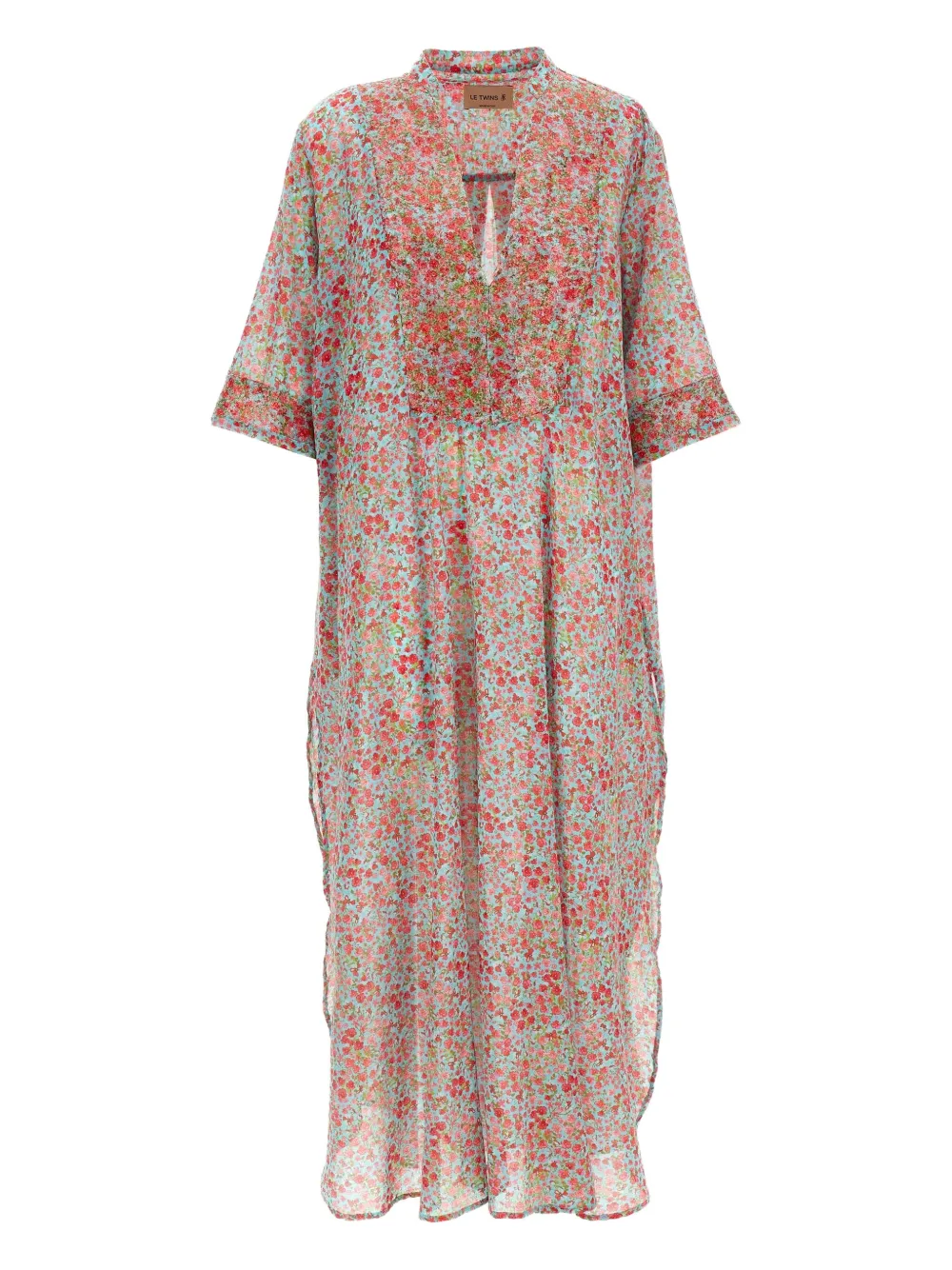 floral-print dress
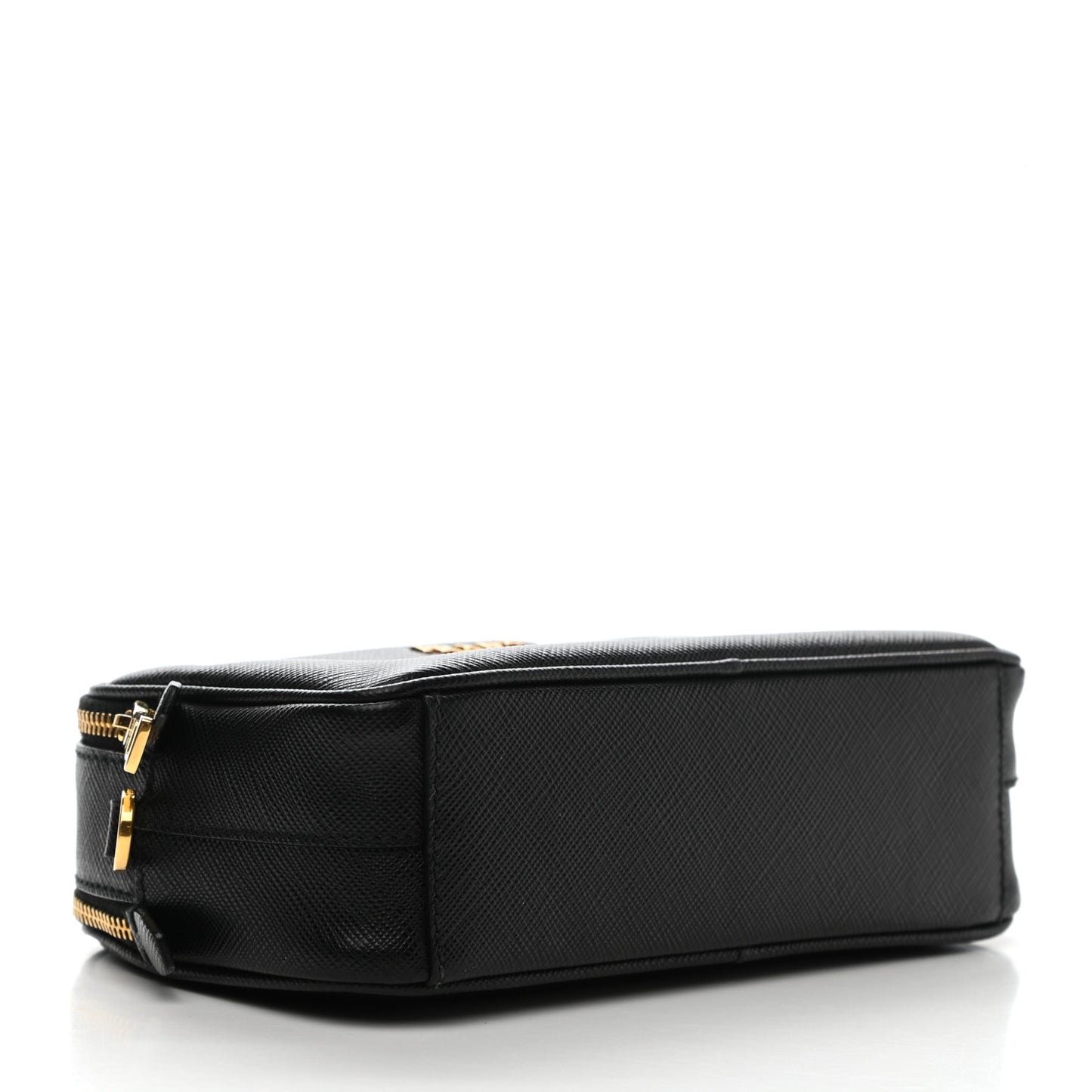 Saffiano Mini Camera Crossbody Bag Black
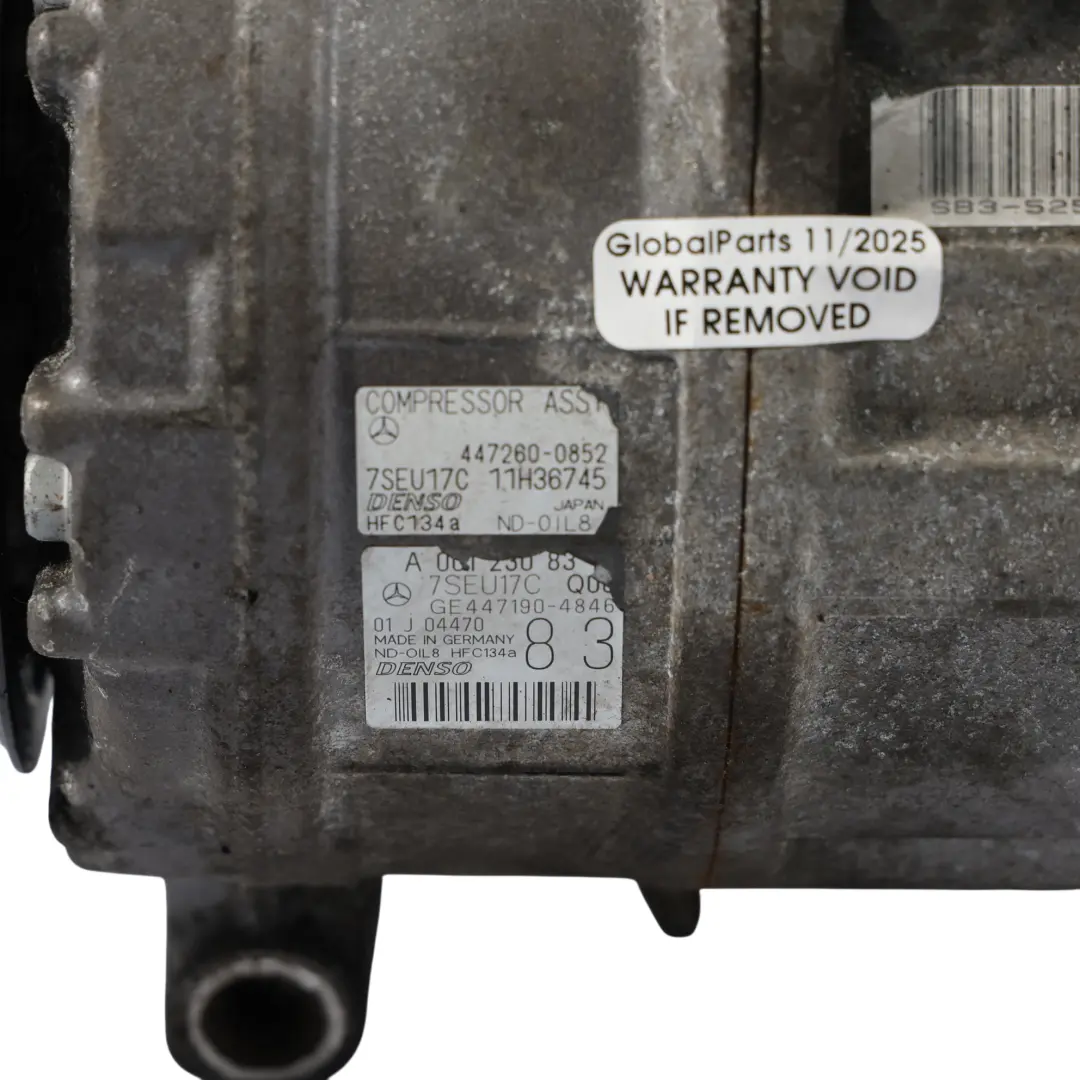 Compresor De Aire Acondicionado Bomba A/C para Mercedes W164 W251 con número de pieza A0012308311 Mercedes W164 W251 Compresor De Aire Acondicionado Bomba A/C - SKU A0012308311-1 - Número de pieza A0012308311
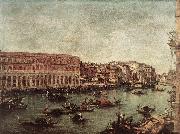 GUARDI, Francesco The Grand Canal at the Fish Market (Pescheria) dg oil painting reproduction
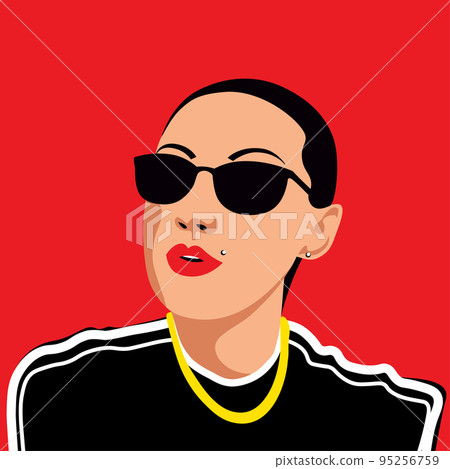 Young girl teen in sunglasses cartoon character vector illustration Young girl teen in sunglasses cartoon character vector illustration 95256759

────

The response must restate exactly the lines from the one containing "Saffiano Mini Camera Crossbody Bag Black" through the end of the records above and must leave out all pictures.

 Saffiano Mini Camera Crossbody Bag Black
 Compresor De Aire Acondicionado Bomba A/C para Mercedes W164 W251 con número de pieza A0012308311 Mercedes W164 W251 Compresor De Aire Acondicionado Bomba A/C - SKU A0012308311-1 - Número de pieza A0012308311
 GUARDI, Francesco The Grand Canal at the Fish Market (Pescheria) dg oil painting reproduction
 Young girl teen in sunglasses cartoon character vector illustration Young girl teen in sunglasses cartoon character vector illustration 95256759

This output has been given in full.